Zero-Temperature Coarsening in the 2d Potts Model

TL;DR

This paper investigates the zero-temperature coarsening dynamics of the 2d kinetic q-state Potts model, revealing complex static states, trapping phenomena, and unusual energy evolution, challenging traditional phase-ordering theories.

Contribution

It introduces a continuum Ginzburg-Landau description for the Potts model's coarsening process, capturing complex patterns and static states not explained by existing theories.

Findings

Presence of multiple static states including ground, stripe, and blinker states.

Unusual energy drops and macroscopic reordering during evolution.

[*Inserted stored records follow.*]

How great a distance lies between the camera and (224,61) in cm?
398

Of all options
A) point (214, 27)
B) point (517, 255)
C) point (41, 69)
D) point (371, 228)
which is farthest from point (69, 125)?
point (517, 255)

Continuum equations successfully reproduce complex cluster patterns.

Abstract

We study the fate of the 2d kinetic q-state Potts model after a sudden quench to zero temperature. Both ground states and complicated static states are reached with non-zero probabilities. These outcomes resemble those found in the quench of the 2d Ising model; however, the variety of static states in the q-state Potts model (with q>=3) is much richer than in the Ising model, where static states are either ground or stripe states. Another possibility is that the system gets trapped on a set of equal-energy blinker states where a subset of spins can flip ad infinitum; these states are similar to those found in the quench of the 3d Ising model. The evolution towards the final energy is also unusual---at long times, sudden and massive energy drops may occur that are accompanied by macroscopic reordering of the domain structure. This indeterminacy in the zero-temperature quench of the kinetic Potts model is at odds with basic predictions from the theory of phase-ordering kinetics. We also propose a continuum description of coarsening with more than two equivalent ground states. The resulting time-dependent Ginzburg-Landau equations reproduce the complex cluster patterns that arise in the quench of the kinetic Potts model.